++++ Data for review
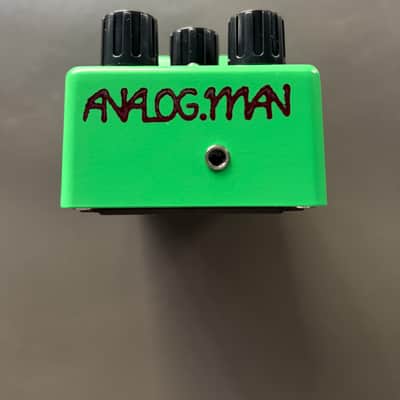 Ibanez TS808 Tube Screamer AnalogMan silver mod image 3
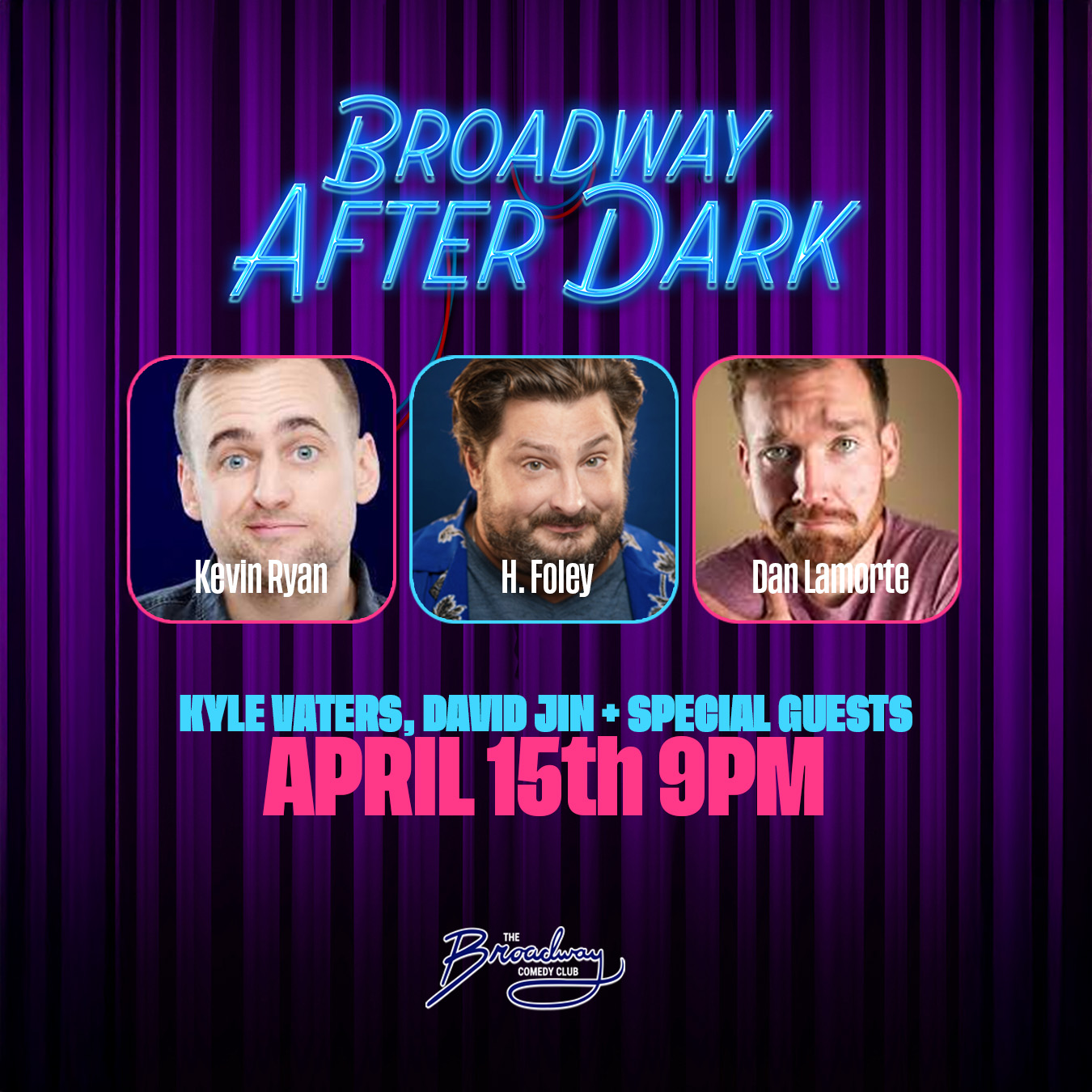 Broadway After Dark 04/15/2026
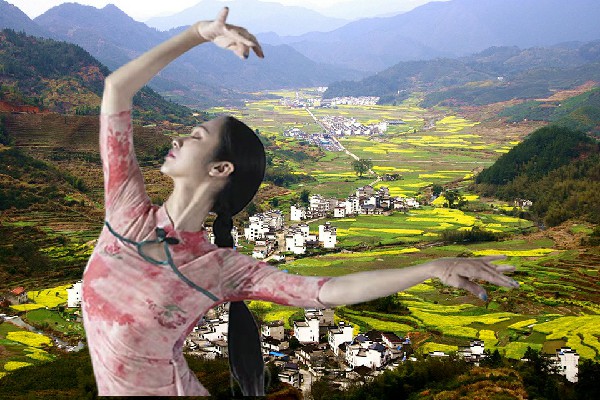 文之霜评比为崔黄口镇舞魅馆节奏者，姚静的孤独
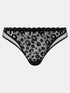 Chantelle Pulp Girls Schwarz Tanga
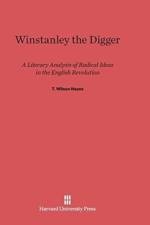 Winstanley the Digger af T Wilson Hayes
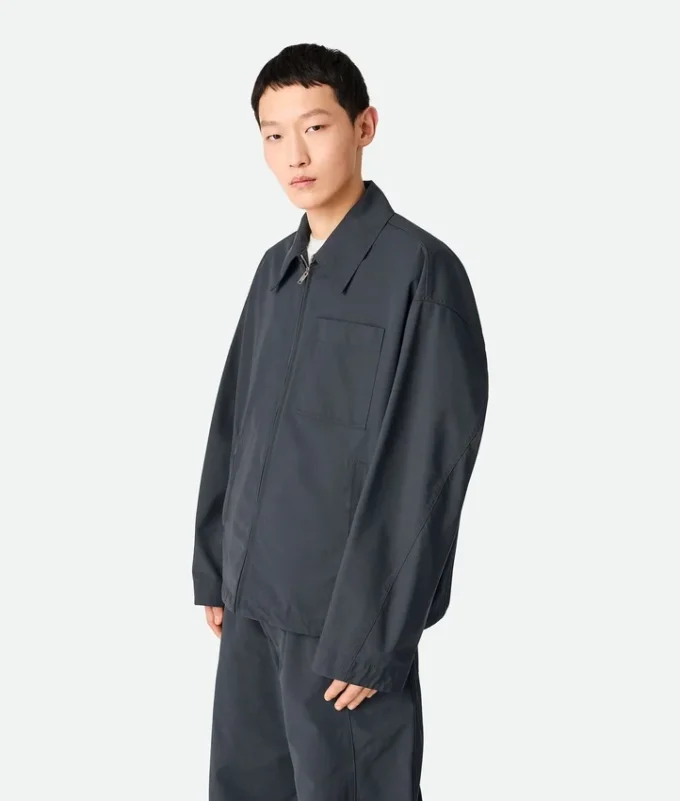 Blouson aus harzbeschichteter Baumwolle Blouson aus harzbeschichteter Baumwolle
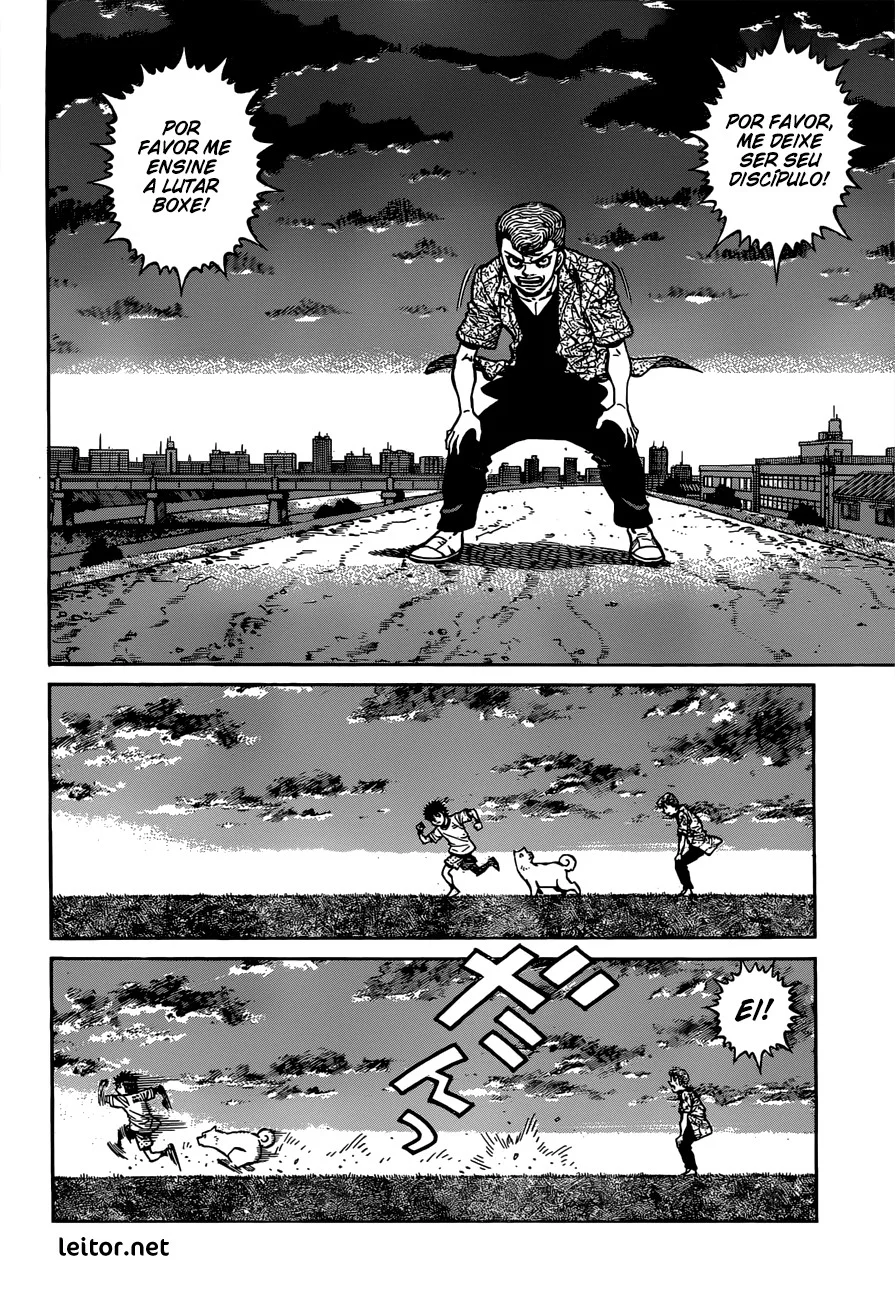 Read Hajime no Ippo pt Manga Online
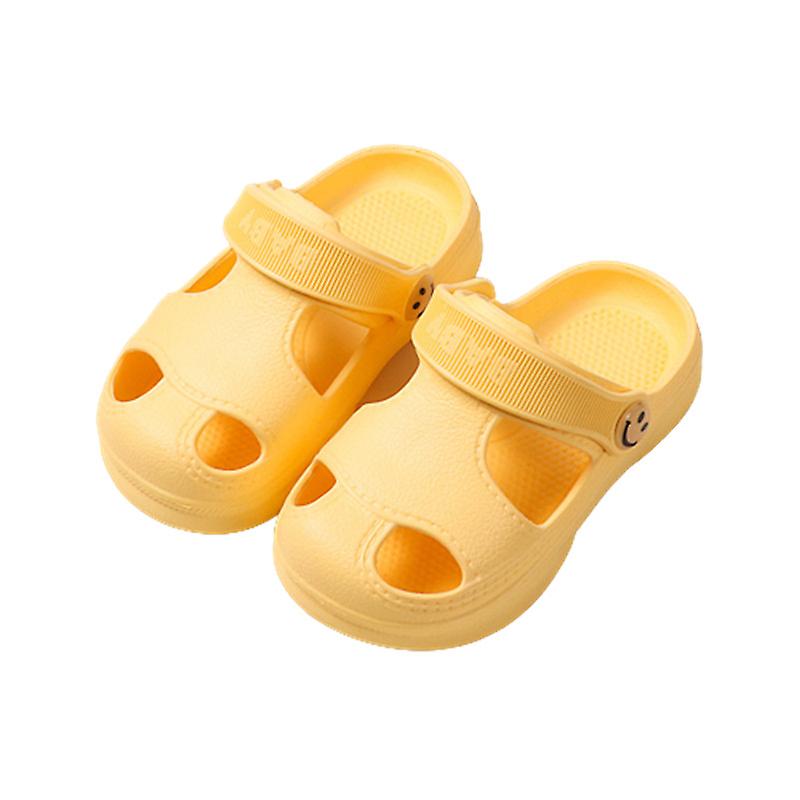 صنادل الصيف الجديدة للأطفال جميلة عدم الانزلاق لينة أسفل الأولاد والصنادل الشاطئ 1-5 سنوات من العمر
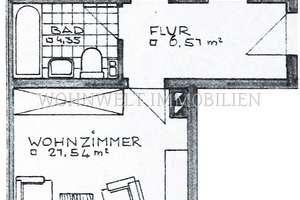 Helle 2 Zimmer-Wohnung mit West-Balkon und Einbauküche – Die vollständige Adresse der Immobilie erhältst du vom Anbieter., 85386 Eching – Vorschaubild 7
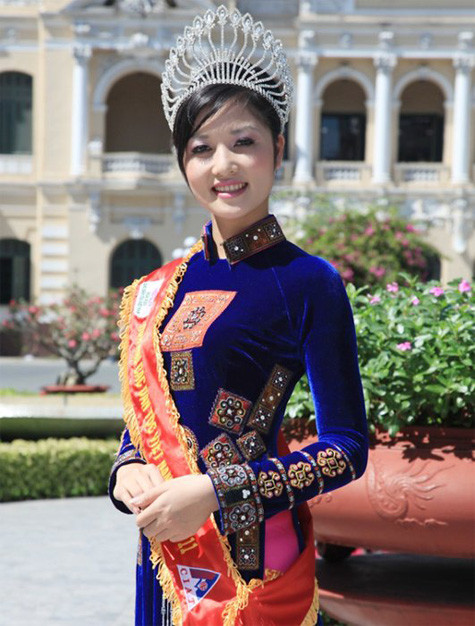 Hoa hậu các Dân tộc Việt Nam 2011 Triệu Thị Hà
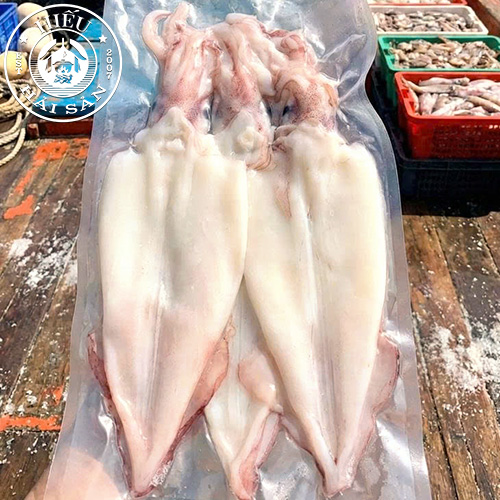 Mực Lá Dẻo 2 Nắng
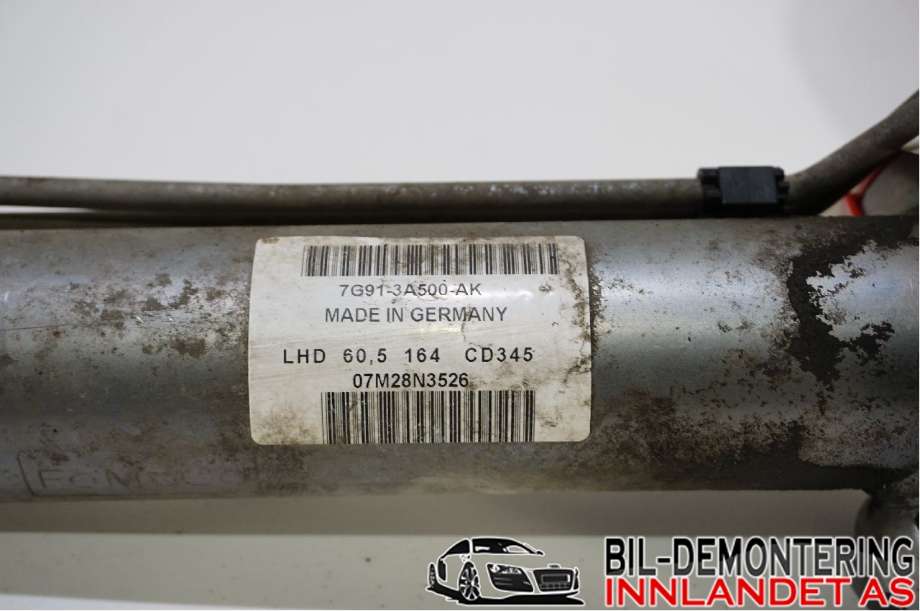 Tannstang til Ford Mondeo 2007-2010 (Type IV, Fase 1) (FORD|7G91-3A500-AP|RM7G91-3A500-A1A|)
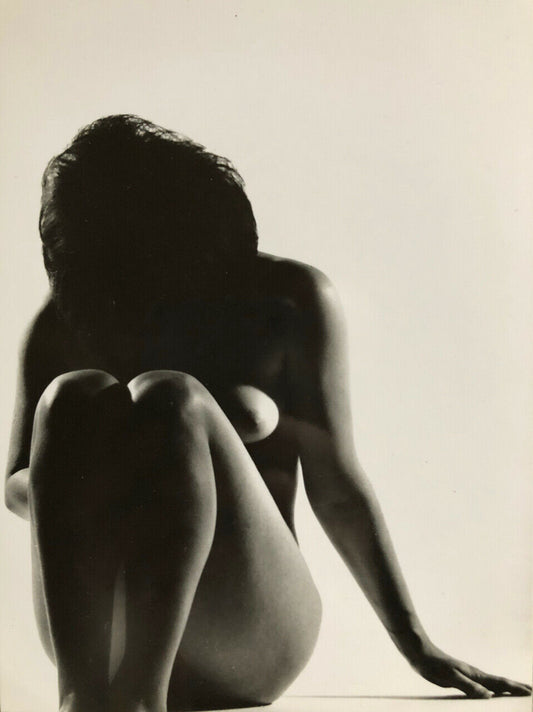 Frantisek Janis — nu féminin — photographie originale — Akty — années 60.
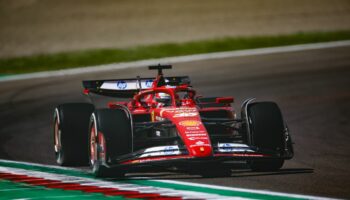 F1, la Ferrari di Charles Leclerc è la più veloce nelle FP1 a Imola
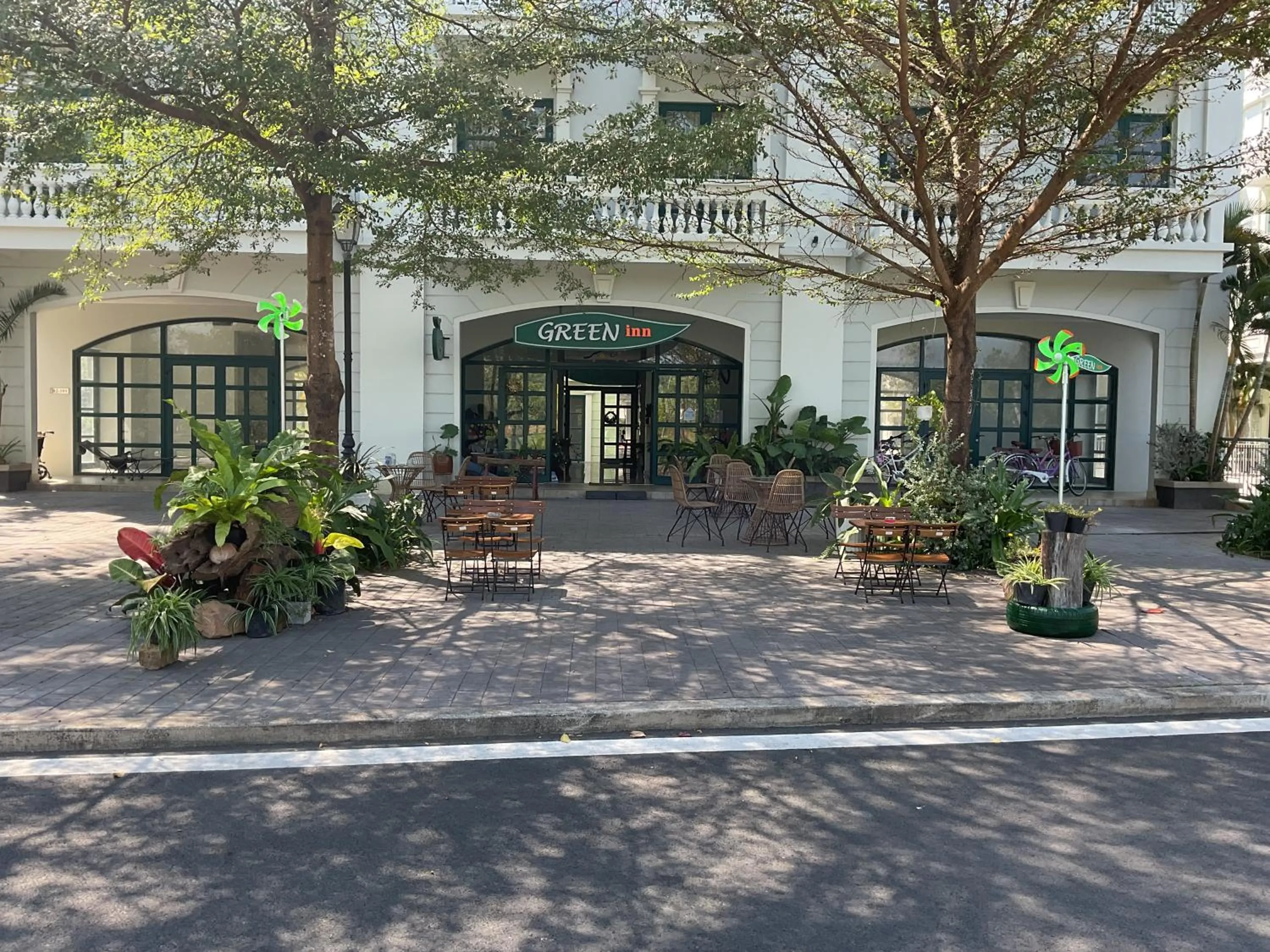 Property building in Green Inn Phu Quoc Hotel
++++++++
#### [Work required]
In the listing above, retype exactly, and only, the lines from the one containing "Winstanley the Digger af T Wilson Hayes" through the last line, both included. Omit the pictures.

#### [Response]
 Winstanley the Digger af T Wilson Hayes
 Blouson aus harzbeschichteter Baumwolle Blouson aus harzbeschichteter Baumwolle
 Read Hajime no Ippo pt Manga Online
 صنادل الصيف الجديدة للأطفال جميلة عدم الانزلاق لينة أسفل الأولاد والصنادل الشاطئ 1-5 سنوات من العمر
 Helle 2 Zimmer-Wohnung mit West-Balkon und Einbauküche – Die vollständige Adresse der Immobilie erhältst du vom Anbieter., 85386 Eching – Vorschaubild 7
 Hoa hậu các Dân tộc Việt Nam 2011 Triệu Thị Hà
 Mực Lá Dẻo 2 Nắng
 Tannstang til Ford Mondeo 2007-2010 (Type IV, Fase 1) (FORD|7G91-3A500-AP|RM7G91-3A500-A1A|)
 Frantisek Janis — nu féminin — photographie originale — Akty — années 60.
 F1, la Ferrari di Charles Leclerc è la più veloce nelle FP1 a Imola
 Property building in Green Inn Phu Quoc Hotel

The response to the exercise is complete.